Uma análise institucional de uma instituição educacional pode ser feita a partir de José Augusto Guilhon e Maria Helena Souza Patto. Guilhon distingue pelo menos três elementos que estruturam a prática institucional, o objeto institucional, o âmbito de ação institucional e os atores institucionais. Dentre os diversos elementos que estruturam a prática institucional, a prática dos atores completos é a que dá existência prática institucional

Podemos pensar então no que Patto (1984) coloca sobre a relação da escola com a ideologia dominante ao cumprir a função de assegurar a reprodução das relações de produção, sendo instrumento tanto para assegurar essa ideologia quanto para aumentar a produtividade na sociedade capitalista, distribuindo os indivíduos pelos vários tipos de atividades produtivas e conseqüentemente pelas classes sociais.

O pensamento educacional brasileiro tem raízes profundas no liberalismo, doutrina que defende o livre desenvolvimento dos interesses individuais. O liberalismo é justificado pela crença na igualdade de oportunidades entre os homens e assegurado pelo Estado que assumiria a educação e garantiria a todos o direito à instrução. Através de projetos de instrução pública, que tinham como pressuposto básico a crença nessa igualdade de oportunidades, os ideais liberais passaram aos planos educacionais, definido assim o papel que a escola desempenharia na sociedade de classes.
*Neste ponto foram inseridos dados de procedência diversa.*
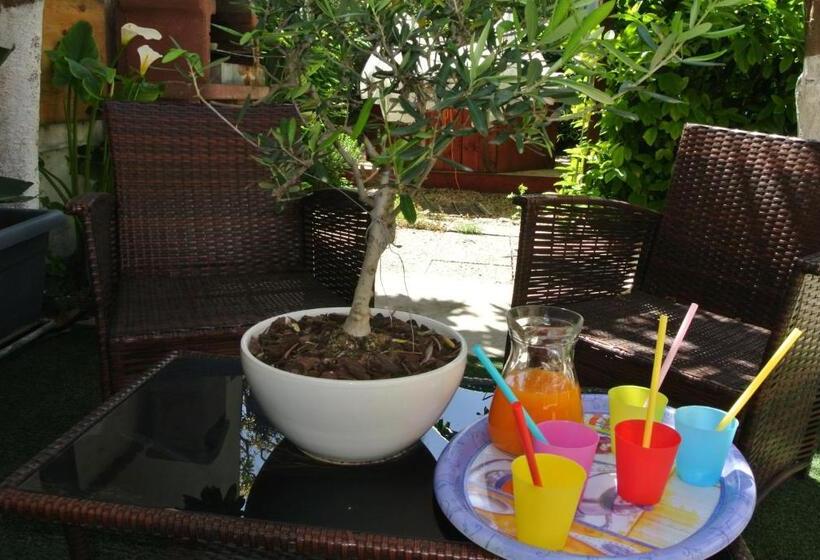 B&b La Villetta Palese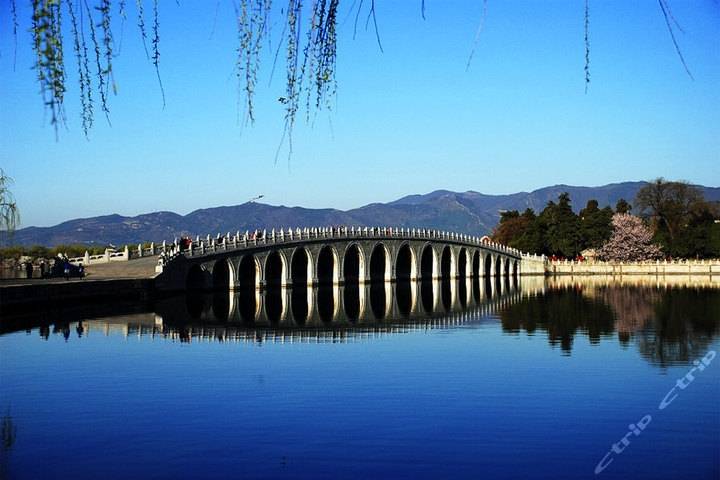 北京故宫长城行程路线及费用详细介绍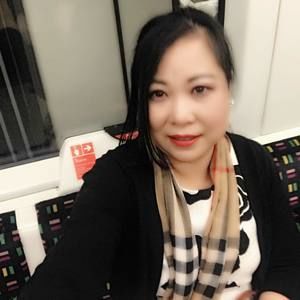 Meet your Posher, Mei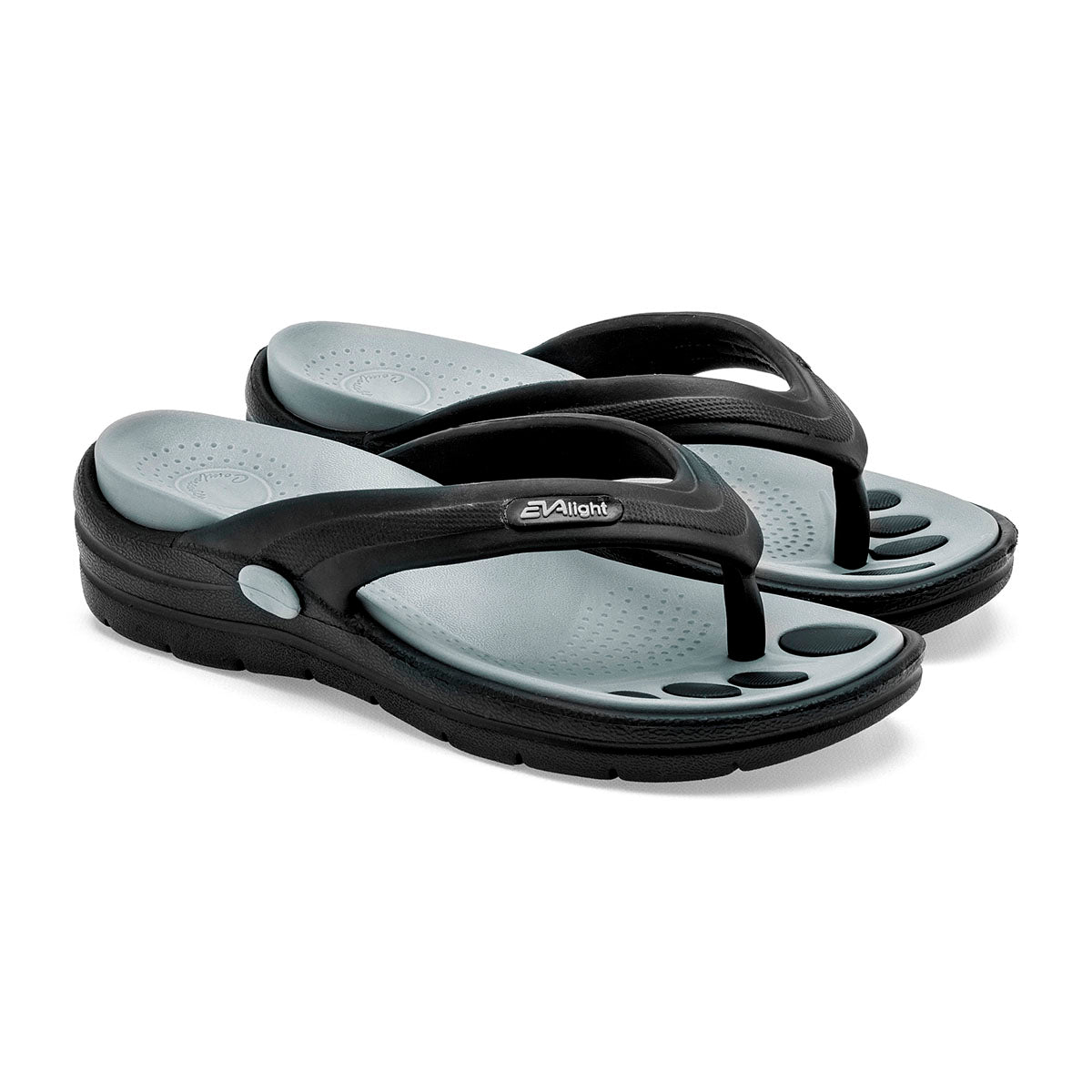 Sandalia Evalight para mujer
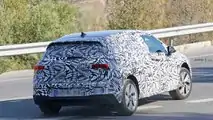 Yeni 2020 VW Golf GTE Casus Fotoğrafları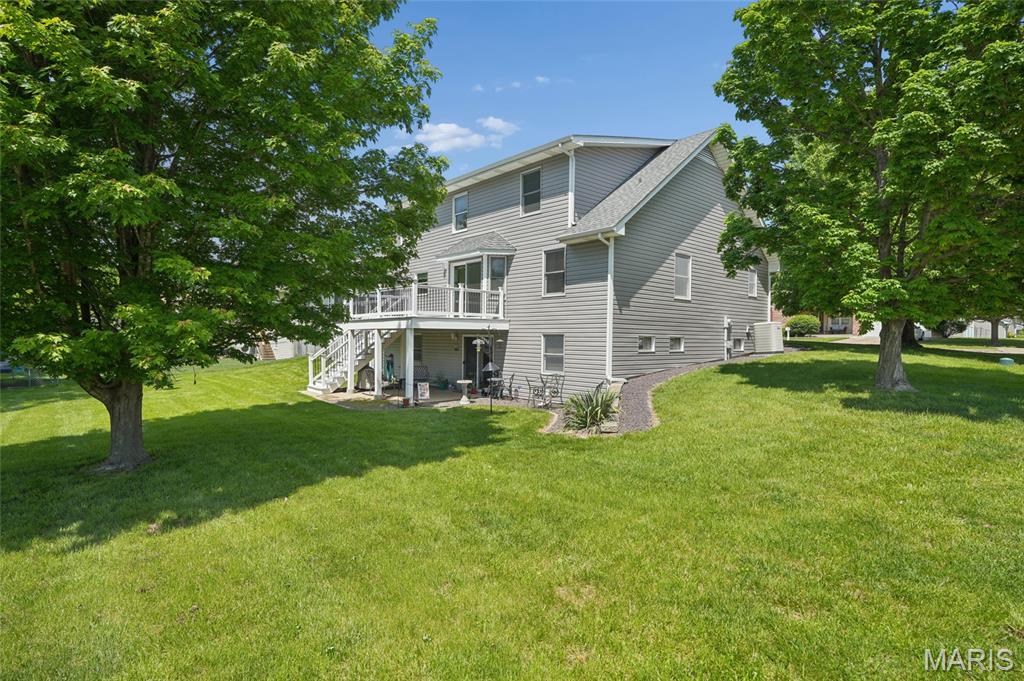 458 Fox Den Lane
No pensamento liberal, já que a educação é a grande igualadora das condições entre os homens, a ascensão social depende única e exclusivamente das capacidades individuais, e na pode haver igualdade social entre os homens porque não existe essa igualdade ao nível individual.

Chega-se a uma importante questão: como este pensamento se sustenta e se justifica na realidade?
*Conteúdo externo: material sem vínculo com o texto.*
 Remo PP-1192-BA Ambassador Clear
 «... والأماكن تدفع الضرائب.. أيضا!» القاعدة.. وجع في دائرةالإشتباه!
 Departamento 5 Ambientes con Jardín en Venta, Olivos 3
Pensamento marxista denuncia que esta igualdade de oportunidades nunca foi e nunca será atingida e que a disseminação da crença nessa possibilidade, numa sociedade de classes, é fundamental à manutenção do sistema e aos interesses dos grupos e da classe dominante. Neste contexto, a “indisciplina”, “desordem”, e os conflitos sociais, longe de serem sintomas de desorganização, crise ou anomia, são expressões de algo inerente ao sistema: a presença de contradições.

De acordo com Patto (1948), para subtrair o problema das relações sociais (num regime social liberal) e, neste sentido, também da escola, o problema foi colocado para todos os efeitos na criança. Foi colocado na dimensão do sujeito do conhecimento, na dimensão da saúde do sujeito e tudo isso legitimado pela psicologia.
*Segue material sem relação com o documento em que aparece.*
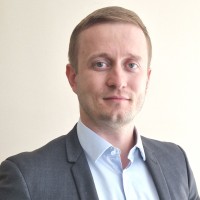 LiNa Energy Employee Sergii Pylypko's profile photo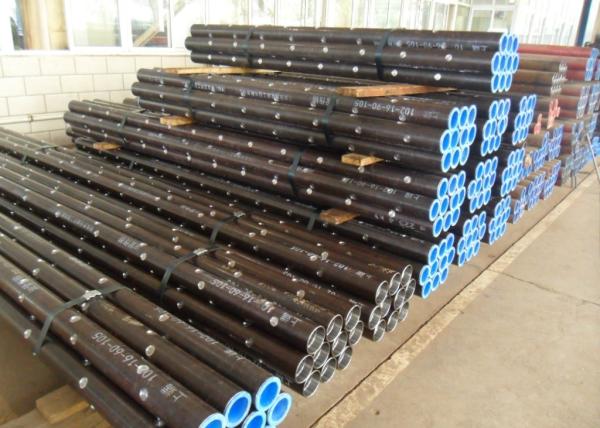 Oil & Gas Perforating Gun , High Pressure Gun Carrier For Wireline Service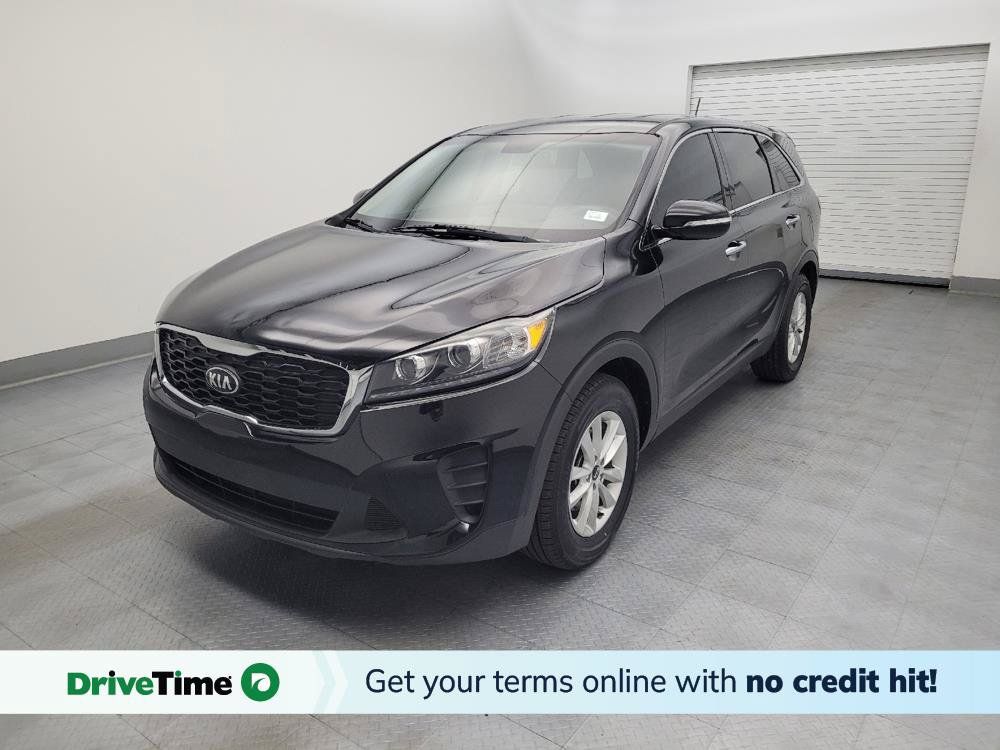 Used 2020 Kia Sorento L FWD image 1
As falas dos profissionais que trabalham em escolas com relação aos problemas dos alunos geralmente mostram que realmente o problema é colocado no aluno, que tem dificuldades de aprendizagem, indisciplina, ou até mesmo distúrbios psicomotores. Segundo Patto (1987) a produção de diagnósticos apareceria por não se dar conta do que está falhando.

Patto (1987), utilizando-se da obra de Basaglia (1973, 1979), traz o que esse autor coloca a respeito do hospital psiquiátrico para a instituição escolar. Basaglia (1973), conclui que a simples introdução de novas técnicas na instituição pode ser nociva, já que acaba por funcionar como uma simples camuflagem dos reais problemas. Na escola a prática tão freqüente de introduzir técnicas para recuperação de alunos com “dificuldades de aprendizagem” ou teste que confirmam ser o aluno portador de deficiência, por exemplo, só confirma a versão inicial de que os problemas estão no aluno.

A psicologia escolar está presente neste processo, pelo menos de duas maneiras: confirmando através dos uso de testes e de outros instrumentos de avaliação psicológica, a incapacidade do aluno e, em sua versão mais recente, valendo-se de técnicas de manipulação da aprendizagem, da motivação e do comportamento para aumentar a eficiência do ensino. A psicologia, ao lado de outros aparatos ideológicos, atua assim perpetuando enganos e contribuindo para manutenção da ordem social existente.